You make a good case. I myself see no passage in the New Testament requiring people to confess all their sins to another human being. James 5:16 is for those who are already believers. The passages on John's baptism establish the precedent of confession before baptism, yet they do not establish a command for us. And while I consistently try to get the men I am studying the scriptures with to "come clean," acknowledging their sins with some degree of specificity, this custom is more for their benefit--to create a spirit of openness and facilitate future help when needed--than for the sake of obedience to a biblical command.

Sometimes it is taught that repentance is defective if all sins are not confessed.
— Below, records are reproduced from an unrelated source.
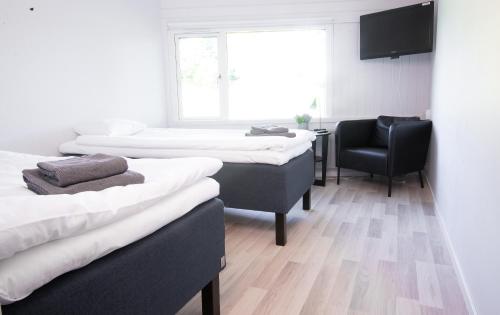 Cama o camas de una habitación en Karlskoga Folkhögskola Vandrarhem Udden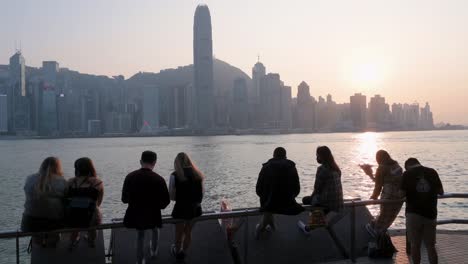 La-Gente-Se-Reúne-A-Lo-Largo-Del-Paseo-Marítimo-Del-Puerto-De-Victoria-Mientras-Disfrutan-De-La-Vista-Del-Horizonte-De-Hong-Kong-Mientras-Se-Pone-El-Atardecer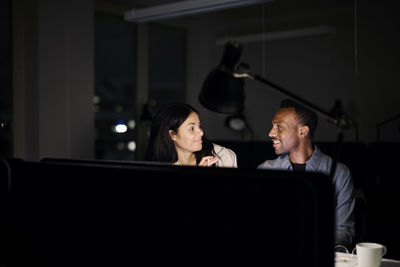 People working late in office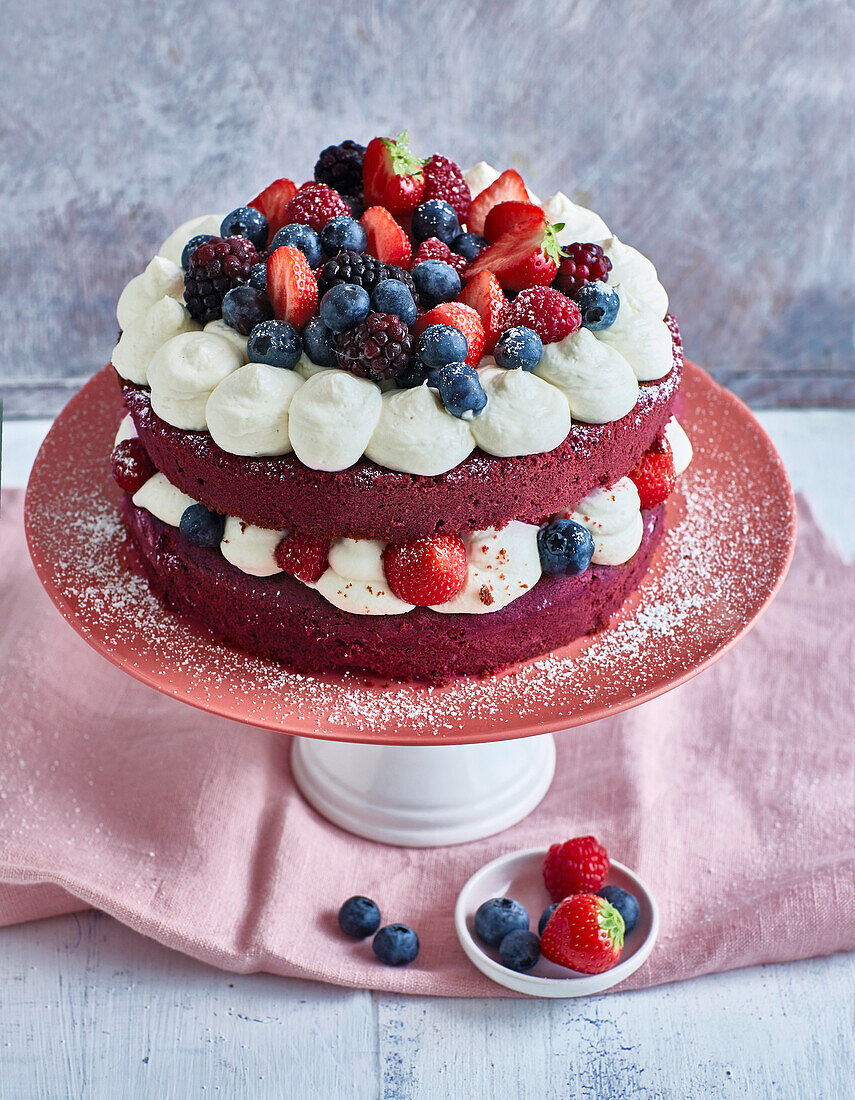 Red velvet naked cake with berries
I for one (speaking personally, not for others) have several problems with this teaching:
* As the years go by, we become aware of more and more sins in our lives. To some extent, sensitivity to sin is a function of spiritual maturity--as opposed to repentance. Some people, in fact, are "re-baptized" every few years, as their awareness of sin increases. As a good friend put it, "It is always easier to doubt your baptism than to trust in the grace of God."
* The lack of crystal-clear biblical teaching, such as we have in the case of the requirement of faith, repentance, and baptism, should make us wary of amplifying God's requirements--even though our intentions are good.
* We do not see this custom in practice in the book of Acts, which records how the early church understood apostolic teaching.
* Some people have been so deeply traumatized (sexual abuse, psychological torment, etc.) that they seem incapable of total "openness" until they have been disciples for a few years. It takes time to build trust, and deep, intimate secrets do not readily give themselves up to persons who are still relatively new acquaintances. This is not to say we must stop preaching the need to be open and honest, only that we must be careful not to require more of a penitent person than God himself requires.